The Spice Girls are reforming — well at least three out of the original five “Girl Power” pop dynamos. Melanie Brown, Emma Bunton, and Geri Halliwell have just announced they will return as GEM (the announcement coincided with the twentieth anniversary of their first single “Wannabe”).
But some people out there aren’t happy by the news — and we’re not talking about the absence of Victoria Beckham, now a successful fashionista, and Melanie Chisholm who is reputed to be toiling on a solo album.
During their original time at the top, the Spice Girls were often referred to by their nicknames (Posh Spice, Sporty Spice, Ginger Spice, Baby Spice, and Scary Spice) and the present unrest refers to the latter’s moniker.
Some SJWs now feel it is racist that Melanie Brown — aka Mel B who has recently been a judge on America’s Got Talent — is called Scary Spice on the grounds that she is black.
Isn’t it a bit racist that they called the only black girl ‘Scary Spice’?
— Rob Yeo (@robjyeo) July 1, 2016
Imagine thinking Britain isn’t racist.
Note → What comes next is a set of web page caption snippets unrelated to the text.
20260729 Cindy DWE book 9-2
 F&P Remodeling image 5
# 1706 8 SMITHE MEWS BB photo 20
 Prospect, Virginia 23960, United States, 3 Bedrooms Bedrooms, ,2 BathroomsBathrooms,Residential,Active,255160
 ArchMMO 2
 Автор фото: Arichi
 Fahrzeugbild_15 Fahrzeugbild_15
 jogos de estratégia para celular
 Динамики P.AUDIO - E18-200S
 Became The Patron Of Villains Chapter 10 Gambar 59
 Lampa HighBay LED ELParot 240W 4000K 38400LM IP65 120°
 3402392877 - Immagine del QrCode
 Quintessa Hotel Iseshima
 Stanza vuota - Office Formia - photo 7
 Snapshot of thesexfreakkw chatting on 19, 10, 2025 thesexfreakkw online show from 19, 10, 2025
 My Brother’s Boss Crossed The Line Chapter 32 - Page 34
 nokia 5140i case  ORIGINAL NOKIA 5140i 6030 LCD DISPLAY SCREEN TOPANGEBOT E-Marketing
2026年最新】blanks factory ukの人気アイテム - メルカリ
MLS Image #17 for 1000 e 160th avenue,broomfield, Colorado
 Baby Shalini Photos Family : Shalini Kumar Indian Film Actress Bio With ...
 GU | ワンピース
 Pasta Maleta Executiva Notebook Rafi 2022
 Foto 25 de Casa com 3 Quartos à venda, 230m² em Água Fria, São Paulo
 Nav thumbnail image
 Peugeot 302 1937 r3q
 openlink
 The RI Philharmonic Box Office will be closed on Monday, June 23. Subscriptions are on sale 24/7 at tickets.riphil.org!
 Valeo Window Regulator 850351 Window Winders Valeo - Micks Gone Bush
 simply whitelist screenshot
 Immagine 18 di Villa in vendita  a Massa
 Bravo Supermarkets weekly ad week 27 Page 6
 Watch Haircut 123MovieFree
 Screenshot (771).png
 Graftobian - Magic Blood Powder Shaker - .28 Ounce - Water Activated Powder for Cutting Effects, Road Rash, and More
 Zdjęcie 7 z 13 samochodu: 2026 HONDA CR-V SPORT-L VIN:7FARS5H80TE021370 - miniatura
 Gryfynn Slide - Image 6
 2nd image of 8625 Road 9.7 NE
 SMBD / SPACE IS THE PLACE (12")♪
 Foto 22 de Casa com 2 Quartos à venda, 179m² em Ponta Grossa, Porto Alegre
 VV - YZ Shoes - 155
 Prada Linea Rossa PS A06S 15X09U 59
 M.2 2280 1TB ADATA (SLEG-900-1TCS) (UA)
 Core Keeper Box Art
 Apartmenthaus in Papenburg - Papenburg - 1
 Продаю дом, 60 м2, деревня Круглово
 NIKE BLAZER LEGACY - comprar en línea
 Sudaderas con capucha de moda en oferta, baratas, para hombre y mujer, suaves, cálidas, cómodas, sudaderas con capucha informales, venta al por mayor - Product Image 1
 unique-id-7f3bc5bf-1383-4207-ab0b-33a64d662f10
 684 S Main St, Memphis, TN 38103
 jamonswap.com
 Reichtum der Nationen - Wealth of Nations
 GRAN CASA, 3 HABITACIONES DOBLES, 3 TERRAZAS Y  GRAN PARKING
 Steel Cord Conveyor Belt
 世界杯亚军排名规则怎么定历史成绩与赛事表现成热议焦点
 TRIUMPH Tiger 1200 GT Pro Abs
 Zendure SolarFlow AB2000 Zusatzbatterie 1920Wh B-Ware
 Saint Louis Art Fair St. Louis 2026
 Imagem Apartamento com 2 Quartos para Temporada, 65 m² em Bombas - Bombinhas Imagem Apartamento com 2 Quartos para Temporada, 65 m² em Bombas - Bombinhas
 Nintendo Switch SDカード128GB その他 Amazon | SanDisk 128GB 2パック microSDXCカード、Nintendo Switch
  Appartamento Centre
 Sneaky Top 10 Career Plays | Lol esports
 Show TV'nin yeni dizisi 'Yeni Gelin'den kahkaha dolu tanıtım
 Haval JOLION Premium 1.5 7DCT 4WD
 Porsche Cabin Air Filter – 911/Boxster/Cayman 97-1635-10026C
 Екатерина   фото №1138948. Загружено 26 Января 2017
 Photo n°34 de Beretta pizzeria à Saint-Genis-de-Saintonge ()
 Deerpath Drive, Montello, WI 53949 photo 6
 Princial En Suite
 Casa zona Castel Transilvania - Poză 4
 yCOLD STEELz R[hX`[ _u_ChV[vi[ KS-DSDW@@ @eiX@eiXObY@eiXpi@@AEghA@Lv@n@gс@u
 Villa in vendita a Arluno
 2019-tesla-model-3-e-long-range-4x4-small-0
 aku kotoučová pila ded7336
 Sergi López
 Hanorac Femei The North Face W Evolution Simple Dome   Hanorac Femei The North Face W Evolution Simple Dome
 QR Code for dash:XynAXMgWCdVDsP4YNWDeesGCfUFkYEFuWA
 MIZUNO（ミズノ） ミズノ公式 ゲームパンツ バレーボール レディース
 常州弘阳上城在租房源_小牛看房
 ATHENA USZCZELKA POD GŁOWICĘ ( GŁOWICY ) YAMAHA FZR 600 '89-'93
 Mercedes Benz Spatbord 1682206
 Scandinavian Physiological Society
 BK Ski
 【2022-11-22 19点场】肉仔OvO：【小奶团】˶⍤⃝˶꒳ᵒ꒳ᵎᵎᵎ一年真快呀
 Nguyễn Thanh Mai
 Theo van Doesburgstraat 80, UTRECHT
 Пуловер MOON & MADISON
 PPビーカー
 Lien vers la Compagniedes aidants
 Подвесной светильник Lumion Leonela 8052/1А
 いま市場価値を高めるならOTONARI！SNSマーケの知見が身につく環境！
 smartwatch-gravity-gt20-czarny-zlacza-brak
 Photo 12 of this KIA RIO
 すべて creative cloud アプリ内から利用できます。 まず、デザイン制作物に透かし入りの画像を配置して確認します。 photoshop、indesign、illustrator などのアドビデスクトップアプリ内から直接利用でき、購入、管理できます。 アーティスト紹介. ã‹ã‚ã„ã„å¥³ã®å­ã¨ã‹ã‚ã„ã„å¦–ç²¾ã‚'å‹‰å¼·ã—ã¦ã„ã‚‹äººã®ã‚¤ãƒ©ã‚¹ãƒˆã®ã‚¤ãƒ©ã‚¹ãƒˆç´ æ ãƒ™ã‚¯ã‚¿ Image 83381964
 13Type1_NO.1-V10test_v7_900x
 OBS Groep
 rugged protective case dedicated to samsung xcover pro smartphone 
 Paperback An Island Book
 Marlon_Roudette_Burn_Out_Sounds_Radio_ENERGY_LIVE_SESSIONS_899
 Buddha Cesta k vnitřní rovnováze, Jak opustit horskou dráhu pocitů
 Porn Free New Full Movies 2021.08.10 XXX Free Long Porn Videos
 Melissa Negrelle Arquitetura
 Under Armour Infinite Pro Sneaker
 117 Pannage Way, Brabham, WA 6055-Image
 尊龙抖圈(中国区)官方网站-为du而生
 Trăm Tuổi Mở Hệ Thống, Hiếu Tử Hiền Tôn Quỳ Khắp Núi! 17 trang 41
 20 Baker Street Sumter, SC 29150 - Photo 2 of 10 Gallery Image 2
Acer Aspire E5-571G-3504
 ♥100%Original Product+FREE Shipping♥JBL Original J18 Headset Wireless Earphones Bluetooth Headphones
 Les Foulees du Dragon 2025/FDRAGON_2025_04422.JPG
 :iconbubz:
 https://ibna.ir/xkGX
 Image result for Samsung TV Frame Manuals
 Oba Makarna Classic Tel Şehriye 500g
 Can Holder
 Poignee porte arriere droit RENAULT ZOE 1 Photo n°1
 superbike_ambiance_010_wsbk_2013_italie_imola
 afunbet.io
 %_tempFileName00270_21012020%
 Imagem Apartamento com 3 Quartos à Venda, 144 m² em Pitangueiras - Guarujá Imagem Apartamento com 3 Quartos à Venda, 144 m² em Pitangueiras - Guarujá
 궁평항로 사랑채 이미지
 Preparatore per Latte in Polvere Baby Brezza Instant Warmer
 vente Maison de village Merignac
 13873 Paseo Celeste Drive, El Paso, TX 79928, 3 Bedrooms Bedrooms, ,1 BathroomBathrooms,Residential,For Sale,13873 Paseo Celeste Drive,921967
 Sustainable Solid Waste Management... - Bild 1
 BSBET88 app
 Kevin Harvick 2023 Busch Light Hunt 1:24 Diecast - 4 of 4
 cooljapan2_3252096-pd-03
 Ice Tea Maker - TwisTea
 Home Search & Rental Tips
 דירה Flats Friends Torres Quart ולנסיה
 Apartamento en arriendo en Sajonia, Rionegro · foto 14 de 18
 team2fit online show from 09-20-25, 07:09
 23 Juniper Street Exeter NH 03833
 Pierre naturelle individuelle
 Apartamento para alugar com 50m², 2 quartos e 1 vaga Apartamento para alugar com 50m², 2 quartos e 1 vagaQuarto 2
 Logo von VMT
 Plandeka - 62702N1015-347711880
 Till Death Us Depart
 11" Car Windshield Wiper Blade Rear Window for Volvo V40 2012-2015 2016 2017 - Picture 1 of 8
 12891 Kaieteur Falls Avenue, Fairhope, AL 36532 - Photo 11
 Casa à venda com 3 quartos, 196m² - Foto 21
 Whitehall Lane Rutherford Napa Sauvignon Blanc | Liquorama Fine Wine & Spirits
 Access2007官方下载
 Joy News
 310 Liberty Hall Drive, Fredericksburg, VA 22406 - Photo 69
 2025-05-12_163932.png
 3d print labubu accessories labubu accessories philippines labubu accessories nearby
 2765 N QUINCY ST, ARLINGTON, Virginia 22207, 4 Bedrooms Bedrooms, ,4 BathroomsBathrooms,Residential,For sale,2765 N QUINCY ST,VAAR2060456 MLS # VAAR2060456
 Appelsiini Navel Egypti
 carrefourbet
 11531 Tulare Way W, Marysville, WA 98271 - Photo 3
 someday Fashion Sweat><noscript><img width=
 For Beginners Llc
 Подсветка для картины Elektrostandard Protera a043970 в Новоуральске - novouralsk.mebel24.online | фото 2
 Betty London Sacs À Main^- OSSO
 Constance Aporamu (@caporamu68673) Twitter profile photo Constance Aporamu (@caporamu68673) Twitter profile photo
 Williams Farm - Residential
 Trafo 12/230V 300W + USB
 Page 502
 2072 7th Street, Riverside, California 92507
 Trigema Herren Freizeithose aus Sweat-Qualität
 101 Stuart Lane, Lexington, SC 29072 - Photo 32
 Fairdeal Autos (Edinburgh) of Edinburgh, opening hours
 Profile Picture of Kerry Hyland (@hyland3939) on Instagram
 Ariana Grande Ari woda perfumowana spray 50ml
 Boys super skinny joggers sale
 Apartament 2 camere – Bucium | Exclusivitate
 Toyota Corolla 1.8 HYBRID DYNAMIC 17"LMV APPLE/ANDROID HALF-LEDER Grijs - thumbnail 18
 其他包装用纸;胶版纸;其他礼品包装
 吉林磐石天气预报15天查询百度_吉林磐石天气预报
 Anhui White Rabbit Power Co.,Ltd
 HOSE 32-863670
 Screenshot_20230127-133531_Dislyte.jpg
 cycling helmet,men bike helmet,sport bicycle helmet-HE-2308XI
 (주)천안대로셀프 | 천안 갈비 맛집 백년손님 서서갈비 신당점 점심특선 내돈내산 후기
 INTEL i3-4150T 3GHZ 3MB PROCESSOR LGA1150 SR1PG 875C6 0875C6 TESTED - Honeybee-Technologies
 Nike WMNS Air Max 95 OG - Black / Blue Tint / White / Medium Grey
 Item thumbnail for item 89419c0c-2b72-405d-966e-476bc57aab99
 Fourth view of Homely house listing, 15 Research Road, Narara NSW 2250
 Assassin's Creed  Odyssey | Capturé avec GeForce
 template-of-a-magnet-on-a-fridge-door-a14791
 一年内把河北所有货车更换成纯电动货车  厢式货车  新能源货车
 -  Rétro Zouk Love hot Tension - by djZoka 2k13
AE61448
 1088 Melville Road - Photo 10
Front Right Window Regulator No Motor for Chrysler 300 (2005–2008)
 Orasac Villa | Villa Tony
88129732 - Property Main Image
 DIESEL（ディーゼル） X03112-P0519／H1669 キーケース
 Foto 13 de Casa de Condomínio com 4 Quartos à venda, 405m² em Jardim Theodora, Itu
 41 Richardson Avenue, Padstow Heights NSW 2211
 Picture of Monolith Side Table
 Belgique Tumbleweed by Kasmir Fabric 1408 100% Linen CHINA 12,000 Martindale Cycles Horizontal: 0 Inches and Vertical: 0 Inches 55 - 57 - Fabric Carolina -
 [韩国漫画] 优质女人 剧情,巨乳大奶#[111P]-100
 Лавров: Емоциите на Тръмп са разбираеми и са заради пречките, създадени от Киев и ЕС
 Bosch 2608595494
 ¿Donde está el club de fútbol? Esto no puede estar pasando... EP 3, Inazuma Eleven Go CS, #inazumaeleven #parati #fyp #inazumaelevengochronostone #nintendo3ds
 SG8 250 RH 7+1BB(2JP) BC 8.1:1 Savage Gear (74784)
Sadly, we are. The one black member of the Spice Girls was called Scary for fucks sake.
— Tom Gordon (@GoonerGordo) June 26, 2016
in retrospect, nicknaming the only black member of the spice girls ‘scary’ was a bit racist wasn’t it
— richard pj lambert (@auspices) June 22, 2016
The nicknames were actually coined by Top of the Pops magazine in 1996 before being enthusiastically adopted by the group, the media and the world at large.
Peter Loraine, then Top of the Pops Editor, recently recalled: “We laughed the most when we came up with Scary… Mel B was so loud and had tried to take over our whole photo shoot.”
Discord over the nickname Scary Spice, which has always existed in certain quarters, has recently escalated on social media in the run-up to the group’s semi-reformation.
Whoa.
Hold up.I know I’m a little late with this question, but is it racist that Scary Spice was black?
— Richard Ilie (@RichardIlie) July 6, 2016
Even though SJWs don’t think it’s a laughing matter, Mel B herself doesn’t seem to have a problem with the term.
She recently said: “I’m still Scary Spice. It was because I was very opinionated and people perceive that as being a bit scary. But these days women who have opinions speak up – they know what they want.”
She’s not feeling remotely awkward about the nickname, then. But perhaps Mel B and the other Spice Girls should address that Spice World movie.